MinioNodeDiskOffline #
Minio cluster node disk is offline
Alert Rule
alert: MinioNodeDiskOffline
annotations:
description: |-
Minio cluster node disk is offline
VALUE = {{ $value }}
LABELS = {{ $labels }}
runbook: https://srerun.github.io/prometheus-alerts/runbooks/minio-internal/minionodediskoffline/
summary: Minio node disk offline (instance {{ $labels.instance }})

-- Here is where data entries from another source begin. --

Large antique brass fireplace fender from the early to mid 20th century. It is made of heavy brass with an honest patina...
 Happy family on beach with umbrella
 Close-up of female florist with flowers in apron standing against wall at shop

expr: minio_cluster_nodes_offline_total > 0
for: 0m
labels:
severity: critical
Here is a sample runbook for the MinioNodeDiskOffline alert:
Meaning #
The MinioNodeDiskOffline alert is triggered when one or more disks in a Minio cluster node are offline. This alert is critical because it can cause data unavailability and potential data loss.
Impact #
The impact of this alert is high because it can:
- Cause data unavailability to users
- Lead to data loss if the offline disk is not brought back online promptly
- Affect the overall performance and reliability of the Minio cluster
Diagnosis #
To diagnose the issue, follow these steps:
- Check the Minio cluster node status using the Minio dashboard or CLI
- Identify the specific disk that is offline using the LABELS output in the alert
- Check the disk’s health status using disk utility commands (e.g.
smartctl
,fsck
) - Check the system logs for any error messages related to the disk or Minio node
- Verify that the disk is properly connected and configured
Mitigation #
To mitigate the issue, follow these steps:
- Immediately investigate the cause of the disk offline and take corrective action (e.g. replace the disk, check cables, etc.)
- Bring the offline disk back online as soon as possible
- Verify that the Minio cluster node is healthy and data is available
- Consider adding additional redundancy to the Minio cluster to prevent similar issues in the future
- Update the runbook and documentation to prevent similar issues in the future
Note: The mitigation steps may vary depending on the specific environment and setup. This runbook is meant to provide general guidance and may need to be tailored to the specific use case.